Today, in coordination with the Tari team, we are making public Coinspect’s Tari security audit report. The audit lasted for 15 weeks and the document fully highlights Coinspect’s findings as well as Tari’s mitigation and updated status for all of the issues.
As a result of the Coinspect’s audit, 50 issues were discovered, with almost 50% of them being of HIGH severity and leading to double spends or massive denial of services for the network:
Risk | Quantity |
---|---|
High | 22 |
Medium | 9 |
Low | 10 |
Info | 9 |
Open Source Disclosures
During the audit process, Coinspect and the Tari dev team independetly found issues in the monero-rs
library. Responsible disclosures were made to the project.
Out of excess of caution, the proof-of-concepts showing the exact exploitable paths for open source projects have not been included in the report.
Our L1 assessment process
Coinspect has longstanding experience working together with L1 teams to secure their chains. Through the years we have developed our Core L1/L2 audit process to understand the particular threats each chain faces, look for instances of these problems by reviewing the code and confirm them by executing reproducible proof-of-concepts which are shared with our clients.
For Tari’s scenario, we reflected part of our threat model in a diagram, which demostrates the kind of attack scenarios we were looking for when reviewing the codebase:
Expanding the public knowledge
Tari is a great example of a bleeding-edge blockchain with several features that make it an interesting case study with non-trivial vulnerabilities. That’s why we are making a series of posts using the results of the audits so that these issues are fully documented and are hopefully not repeated in other chains.
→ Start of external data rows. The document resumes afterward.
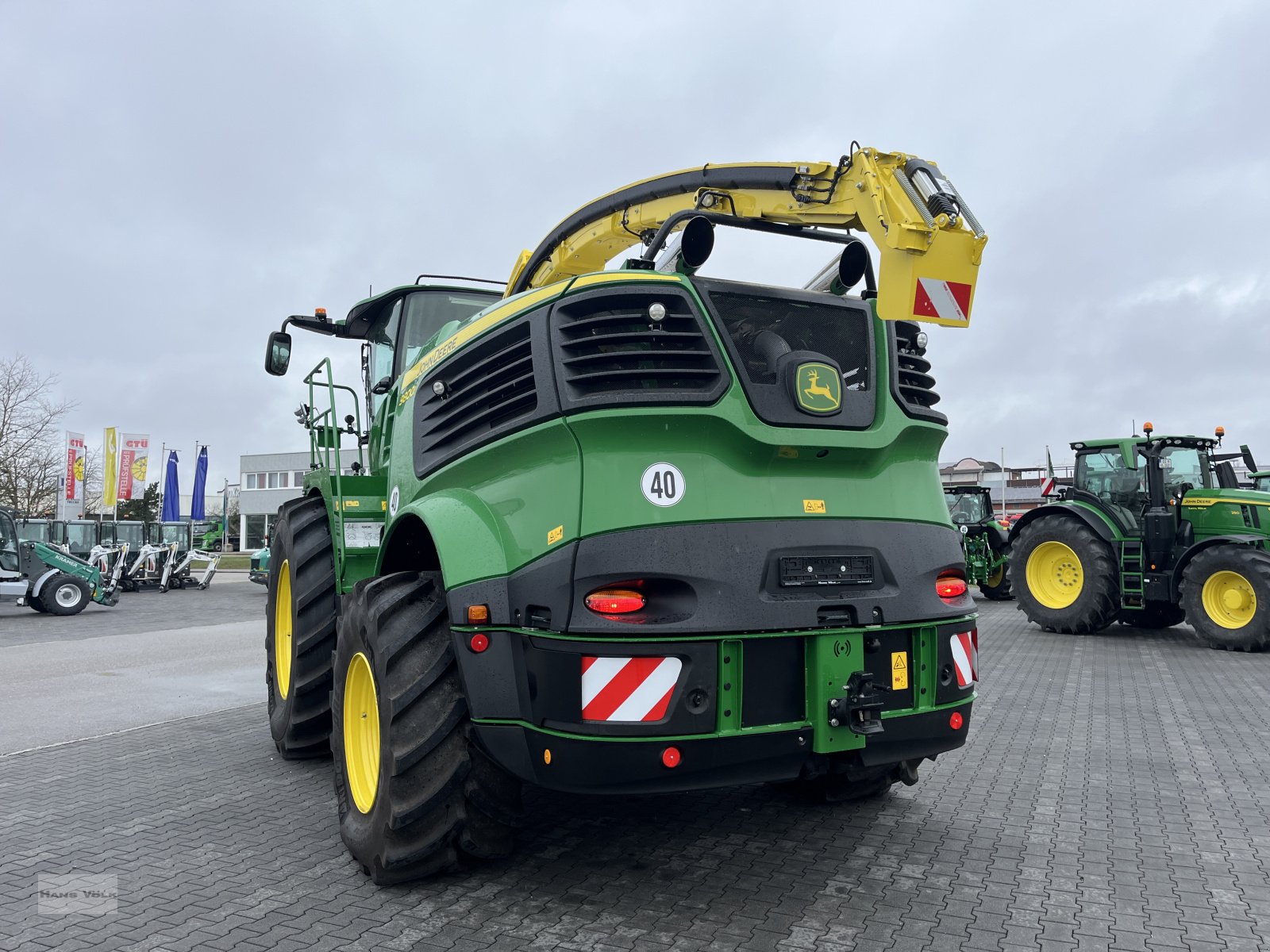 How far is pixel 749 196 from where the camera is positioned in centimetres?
476

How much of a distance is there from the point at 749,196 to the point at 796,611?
2323mm

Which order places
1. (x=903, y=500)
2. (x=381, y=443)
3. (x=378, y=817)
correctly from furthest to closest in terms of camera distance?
(x=381, y=443), (x=903, y=500), (x=378, y=817)

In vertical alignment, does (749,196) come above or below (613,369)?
above

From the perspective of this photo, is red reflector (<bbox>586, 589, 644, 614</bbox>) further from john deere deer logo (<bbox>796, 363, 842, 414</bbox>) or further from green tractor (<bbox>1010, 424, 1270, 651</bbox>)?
green tractor (<bbox>1010, 424, 1270, 651</bbox>)

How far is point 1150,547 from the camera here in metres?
11.7

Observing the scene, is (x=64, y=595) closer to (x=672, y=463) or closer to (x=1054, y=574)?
(x=1054, y=574)

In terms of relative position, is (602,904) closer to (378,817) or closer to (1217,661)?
(378,817)

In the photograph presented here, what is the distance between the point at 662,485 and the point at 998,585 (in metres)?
16.1

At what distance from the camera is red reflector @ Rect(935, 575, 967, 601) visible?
3.90 meters

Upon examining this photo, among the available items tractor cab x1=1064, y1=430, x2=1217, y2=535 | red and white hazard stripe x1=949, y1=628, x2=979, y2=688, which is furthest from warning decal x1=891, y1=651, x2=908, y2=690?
tractor cab x1=1064, y1=430, x2=1217, y2=535

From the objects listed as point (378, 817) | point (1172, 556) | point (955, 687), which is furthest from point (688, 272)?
point (1172, 556)

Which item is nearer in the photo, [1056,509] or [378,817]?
[378,817]

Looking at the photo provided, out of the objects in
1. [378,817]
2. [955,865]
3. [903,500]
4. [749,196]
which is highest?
[749,196]

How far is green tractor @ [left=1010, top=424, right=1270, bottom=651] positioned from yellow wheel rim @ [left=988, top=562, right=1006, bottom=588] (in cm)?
434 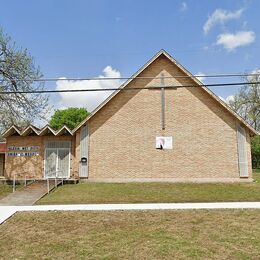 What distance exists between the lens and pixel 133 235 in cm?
712

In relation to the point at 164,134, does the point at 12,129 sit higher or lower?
higher

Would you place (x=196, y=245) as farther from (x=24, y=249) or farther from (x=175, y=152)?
(x=175, y=152)

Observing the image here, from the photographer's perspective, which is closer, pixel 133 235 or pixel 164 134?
pixel 133 235

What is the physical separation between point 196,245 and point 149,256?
1.29 metres

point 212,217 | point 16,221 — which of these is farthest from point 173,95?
point 16,221

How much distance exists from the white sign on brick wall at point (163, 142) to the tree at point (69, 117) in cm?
4134

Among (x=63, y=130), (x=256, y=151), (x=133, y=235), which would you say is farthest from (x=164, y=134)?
(x=256, y=151)

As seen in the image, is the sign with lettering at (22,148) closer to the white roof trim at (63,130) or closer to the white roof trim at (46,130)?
the white roof trim at (46,130)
We will be releasing these posts in the near future. Stay tuned to learn more about the issues and how to protect against them!
Working with Tari
Interactions with Tari during the audit process were superb. The development team showed understanding of the issues encountered and promptly began the work to not only fix the reported issues but to implement recommended security policies such as fuzzing. They have shown that security is a top concern for them and are commited to continually decrease the risk for future users.